CTS 2301 (Unix/Linux Administration I) Project #3
Hard Disk Administration

 

Due: by the start of class on the date shown on the syllabus

Background:

When using a modern journaling filesystem such as ext4, by default fsck (filesystem check) is never forced.  With a traditional filesystem such as ext2, the system defaults to checking the filesystem every so many reboots (technically after X number of mounts, but since all filesystems are usually mounted at boot time it comes to the same thing), or every so many months, or after an improper shutdown, whichever comes first.

A problem with traditional filesystem setup occurs with large disks.  Since all partitions have the same default setup, once a check is forced for any reason all filesystems are checked at once.  This can take a very long time!  A staggered schedule can be used to avoid this problem.  An issue with journaling filesystems is that an occasional error can still occur, and if no checking is ever performed the error can snowball, causing other problems.  (Also, hackers can induce errors even with a journaling filesystem.)
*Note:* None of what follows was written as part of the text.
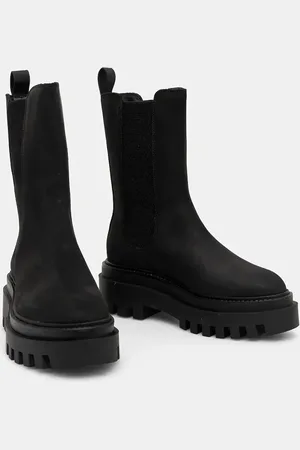 Calvin Klein Stivaletti in nabuck FLATFORM CHELSEA BOOT MG NB colore YW0YW01684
A staggered schedule means that each filesystem is still checked at the same frequency but not all on the same day.  For example, if you have only two filesystems you can have each one checked every six months, the first filesystem every January and July 1st, and the second filesystem every February and August 1st.  This is done by changing the date of the last check for each filesystem to different values, while keeping the six month interval between checks the same on both filesystems.

The same staggering can be done if you force checks by the number of reboots.  If you have both filesystems checked every 20 reboots say, change the current mount count so that the first filesystem thinks it has been mounted X times and the second “X+1” times.

This staggering of disk checking generalizes to any number of filesystems.  This way, except after an improper shutdown, only a single filesystem gets checked at any one time.

In addition to setting a check schedule, you will explore other disk related commands: hdparm to check drive capabilities, change settings, and perform timing tests;  and smartctl to perform health checks on your disks.  Note that this part of the project requires real hardware; this won't work on a virtual machine.

Description:

Answer the following questions and perform the indicated tasks:

  1. For each filesystem on your computer, when are checks forced by default?  Use the tune2fs utility to find out.

    Note!  There is a bug with SELinux that may prevent you from running tune2fs on some partitions (logical volumes).  If you are root, and are using the correct device name as shown by the mount command, and you still get various “permission denied” errors, then you may need to disable SELinux to complete this project.

    Run the command “getenforce”.  If the output shows “Enforcing” then you should run the command “setenforce 0” to change the mode to “Permissive”.  Now the tune2fs commands should work!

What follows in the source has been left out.